English Binding.- [Breviary] Portiforium Seu Breviarium, 3 parts in 1, blackletter in double column, in black and red throughout, woodcut device to title, two manuscript notes to margins in English in a contemporary hand (at +6 verso and i2, this scoured out), title faintly browned and soiled otherwise generally quite clean, bound in contemporary English calf over boards, stamped in blind in a panel design bearing foliate and other devices (possibly including griffins), neatly rebacked, lacking clasps, [Adams L949], Paris, by Joannis le Blanc for Guillaume Merlin, 1557.
⁂ A fantastic example of a prayerbook from the period of Catholic restoration in England under Mary Tudor, with English ownership and in a contemporary English binding.

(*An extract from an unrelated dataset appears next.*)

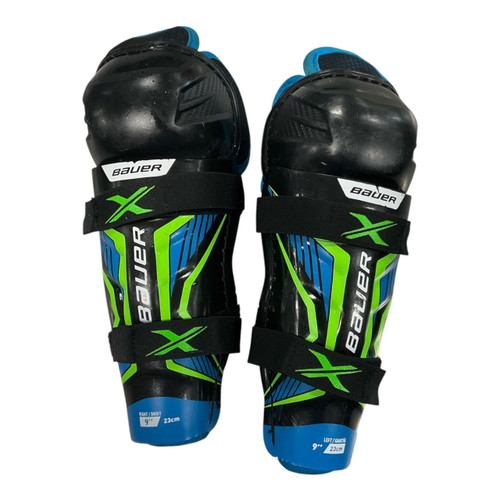 Vist Large View of Product Image Which is Used Bauer X Youth Shin Guards Black 9"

This summer section of the Roman Breviary, according to the use of Salisbury, while printed in Paris was clearly intended for the English market, and if not soon after printing then definitely by the end of the century was in the hands of an English owner. The manuscript note on the verso of folio +6, the Calendar page for October, is of great contextual resonance, reading "the first sonday of hoctober ys the dedycation day of the churche All ways". The first Sunday in October had been decreed by Henry VIII in 1536 to be held as the official feast of dedication for every parish Church in England, rather than as traditionally on the exact date specific to each parish. This note thus reveals the complex blending of religious paradigms and sentiment in England at this time, between Henrician Anglicanism and Marian Catholicism. Of course, if the book came into English hands later than 1558, the state of recusancy adds yet another complex interpretational layer to the context of this scribbled reminder.
Provenance: Tho. Falconer [18th century engraved bookplate] & Pusey House, Oxford [library stamps to title and front endpaper].